Skipping all images, output the listing word for word.

§ **GIVEN MATERIAL**:
* * * * * * * * *
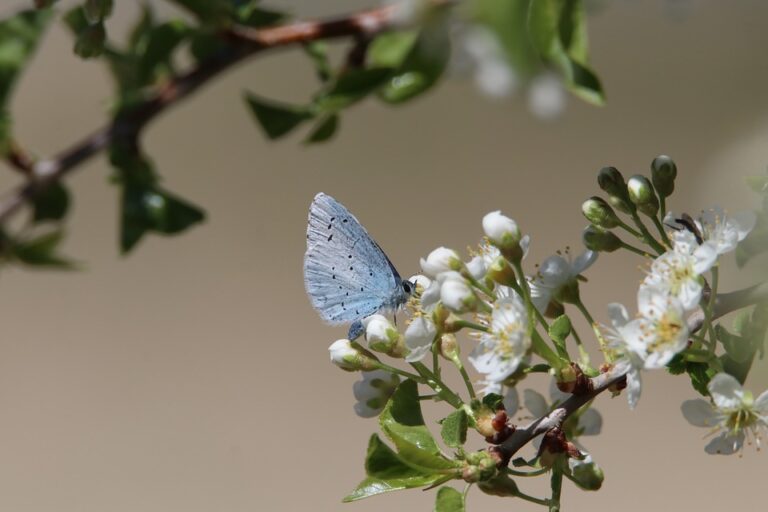 Biodiversity Hotspots: Preserving Our Planet’s Rich Tapestry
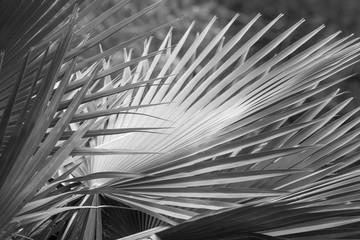 Obraz premium Monochrome image of linear blades of a tropical plants.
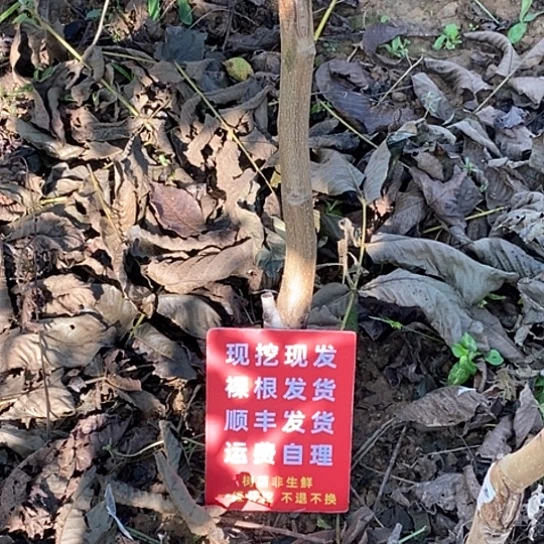 王***旦吊坠文玩核桃文山血麒麟白狮各一颗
* * * * * * * * *
§ **WORKED SOLUTION**:
 Biodiversity Hotspots: Preserving Our Planet’s Rich Tapestry
 Obraz premium Monochrome image of linear blades of a tropical plants.
 王***旦吊坠文玩核桃文山血麒麟白狮各一颗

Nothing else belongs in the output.